YOUR ASSIGNMENT: Leave the pictures out and quote only the lines from the one with "in Ghazni Province" down to the end of the listing below.
*** SOURCE MATERIAL ***
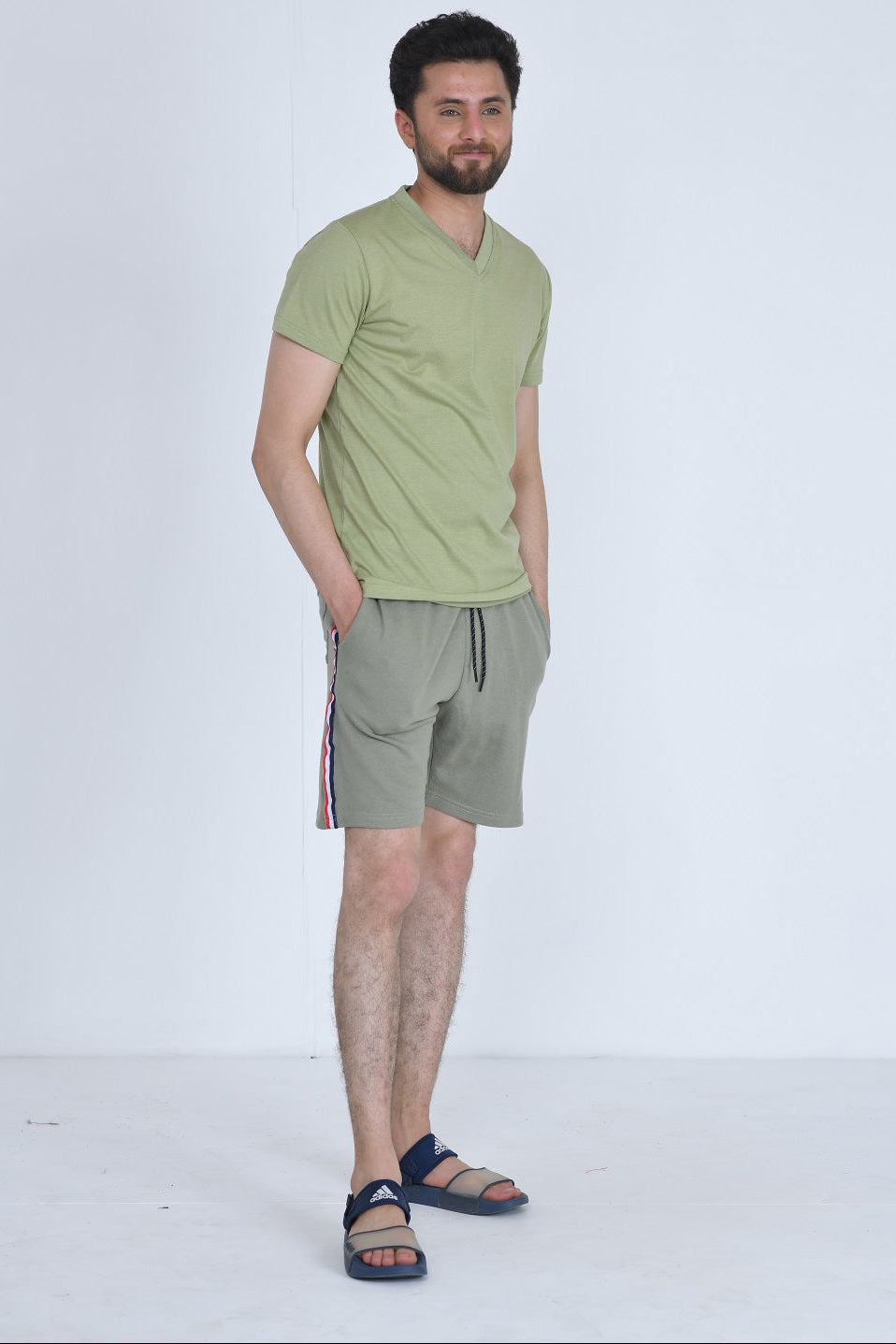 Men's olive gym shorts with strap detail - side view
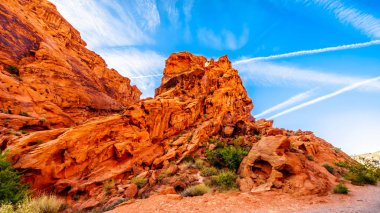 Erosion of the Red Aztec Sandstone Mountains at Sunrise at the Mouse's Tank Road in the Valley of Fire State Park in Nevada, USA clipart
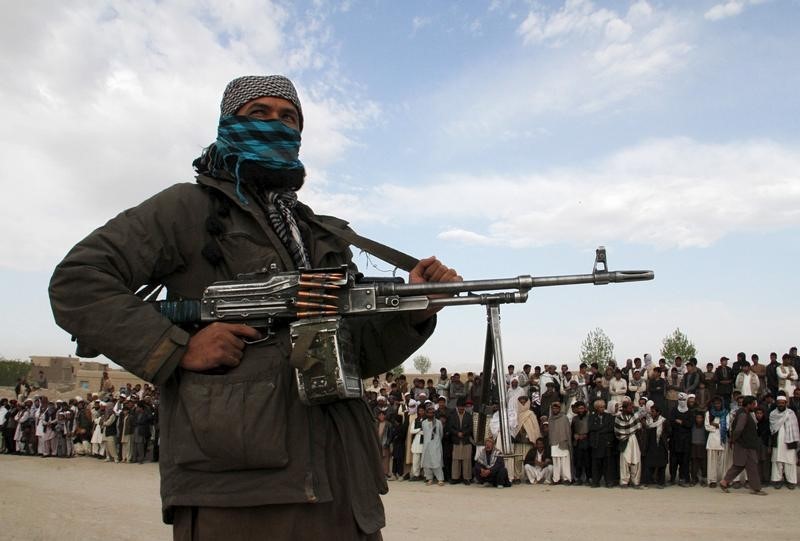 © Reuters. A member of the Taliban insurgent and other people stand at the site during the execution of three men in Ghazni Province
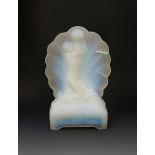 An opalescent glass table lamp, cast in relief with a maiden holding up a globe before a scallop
*** End of SOURCE MATERIAL ***
ANSWER SPACE:
 © Reuters. A member of the Taliban insurgent and other people stand at the site during the execution of three men in Ghazni Province
 An opalescent glass table lamp, cast in relief with a maiden holding up a globe before a scallop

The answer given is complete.